Oh, and the US Embassy in Baghdad was hit by rockets, but oil is down over 5% anyway.

In the Italian regional election yesterday, a group led by the Democratic Party, a paterner in Italian PM Conte’s coalition, won with a small margin. Another group headed by Salvini’s League lost. The result will boost PM Conte and make a new election less likely. In theory it’s good for the euro, but I don’t think people are paying much attention to the perennial problems of Italian politics when the most populous country in the world suddenly looks like the plot of a horror movie come to life.

Today’s market

The day starts with the well-known CORONA, the German home-grown equivalent to the purchasing managers’ indices (PMIs). These are all expected to show continued improvement, much as Friday’s PMIs for Germany did. Of particular noted is the forecast sharp improvement in expectations. While this would ordinarily be good news for the euro, I think it’s probably well discounted after Friday’s sharp rise in the German manufacturing PMI. EUR neutral.

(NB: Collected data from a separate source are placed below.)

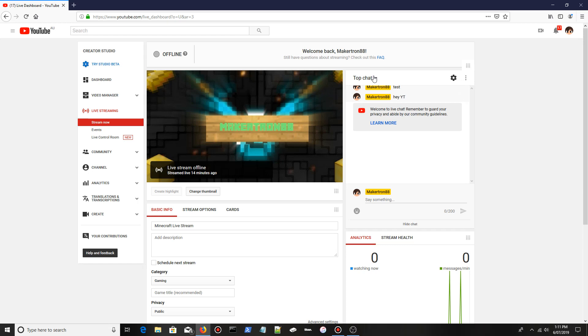At the top right here it says top chat, and next to it will be this button icon. You want to click the one with the three little dots, which is the one on the right. Click it once, then click pop out chat.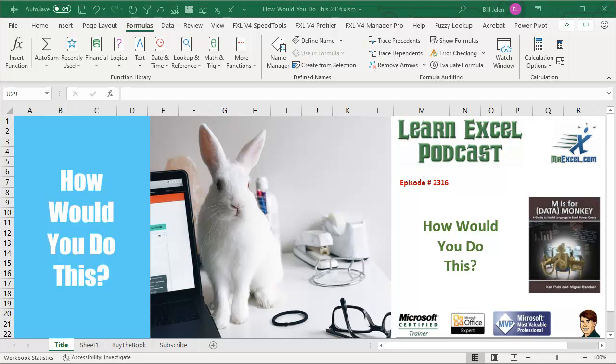Learn Excel from MrExcel podcast episode 2316. How would you do this? Hey, welcome back to the MrExcel netcast. I'm Bill Jelen.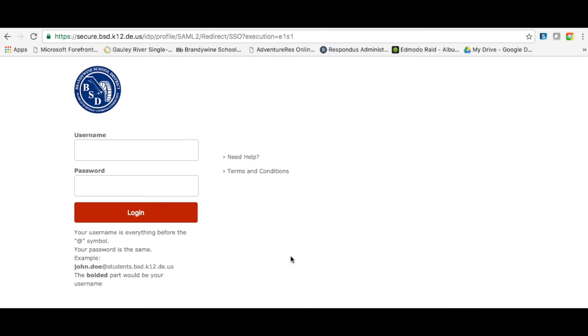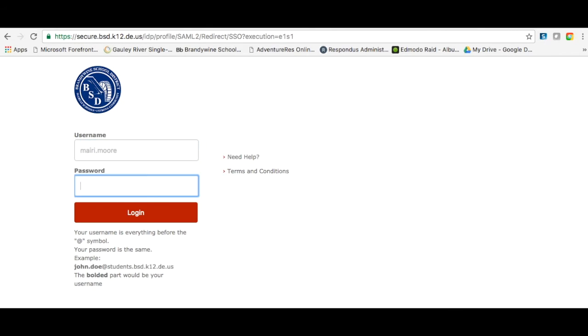You will then be taken to our single sign-on screen where you will enter your first dot last name and the same password you use to log in to your PC.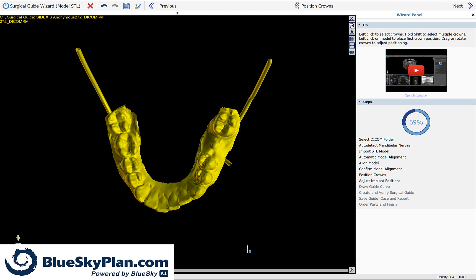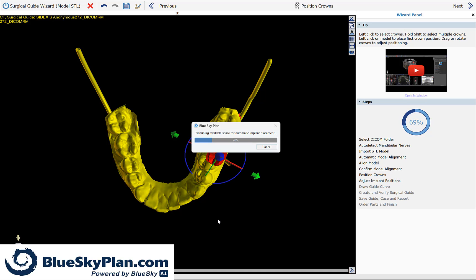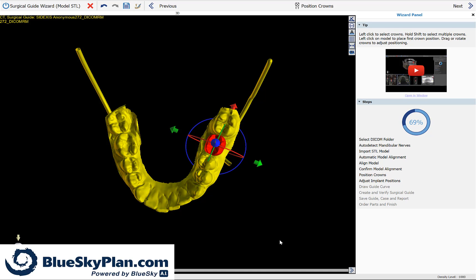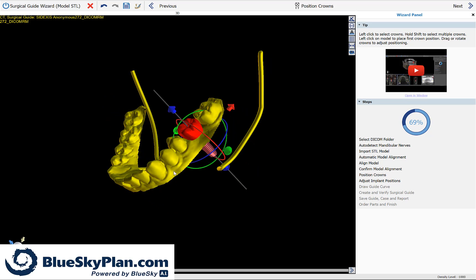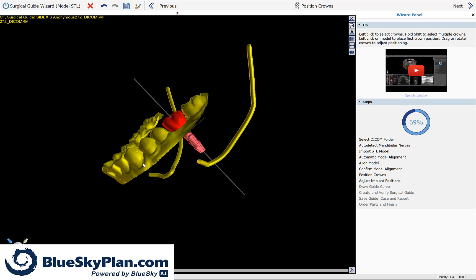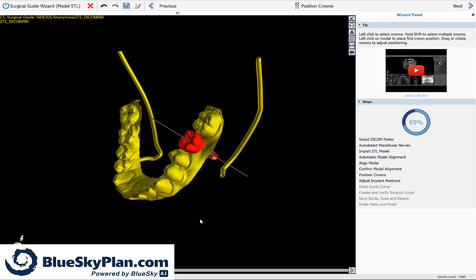The software now prompts you to click once in the relevant section where the tooth should be placed. I am intentionally going to click a bit off to the side and we're going to see the software run the automatic implant placement. So I'm going to left click with my mouse button. We can see the software is examining the relevant positioning.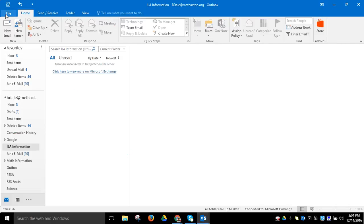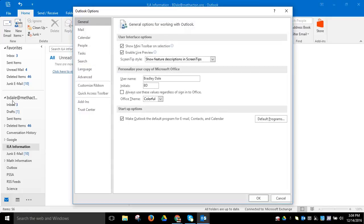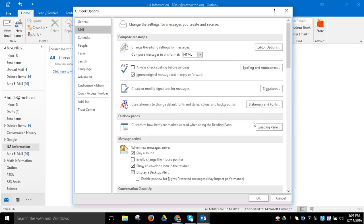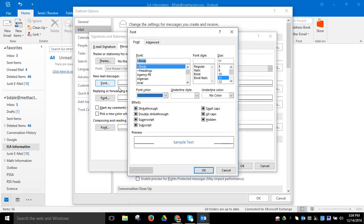I want to go into File, Options, and then over here what we want to do is click on Mail Stationery and Fonts. Then you want to change it from—you can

UK mortgage approvals are set to rise further. Today’s announcement, by the industry group UK Finance, is forecast to be up by 0.65%, while Friday’s Bank of England announcement is forecast to be up by 0.9%. Presumeably economists think the BoE figures should be catching up to the UK Finance figures, although personally I think since the BoE figures encompass a larger number of lenders, eventually the UK Finance figures are likely to slow down and come back more in line with the BoE numbers. In any case, rising mortgage approvals are a sign of rising confidence among Britons, who could easily be forgiven if they all decided to sell their houses en masse and move to the Falkland Islands at this point in their history. In that respect it’s positive for the pound.

US new home sales are expected to be higher. Estimates have been revised up after last week’s strong existing home sales, which rose more than expected to a 5.54mn annual pace from 5.35mn (estimate: 5.43mn). (The fact is though that the two series are totally uncorrelated on a month-to-month basis – since 2010 they’ve moved in the same direction only 48% of the time, which is about as close to random as you get.)

It looks like lower interest rates are indeed helping the US housing market. USD bullish.

After that there’s nothing on the sked until Australia comes in, and even then it’s a second-tier indicator. The market sometimes moves on the National Australian Bank (NAB) business indicators, but nobody bothers forecasting them. I just write about them because I get paid by the word and I want to buy an expensive new PC with an ASUS Dual-RTX2060 graphics card and Samsung 970 Evo Plus SSD and…

Both of these diffusion indices are hovering dangerously close to the 0 line, which represents the line at which the positive and the negative responses are balanced. A negative figure would indicate that sentiment has turned negative, which could be a negative for AUD.

It does seem though that this indicator is probably more influenced by the level of AUD/USD than AUD/USD is influenced by it. Although I haven’t tested this hypothesis statistically, the notable inverse relationship between the two would suggest that confidence improves as the currency weakens, because the opposite hypothesis – improving confidence causes the currency to weaken – isn’t reasonable.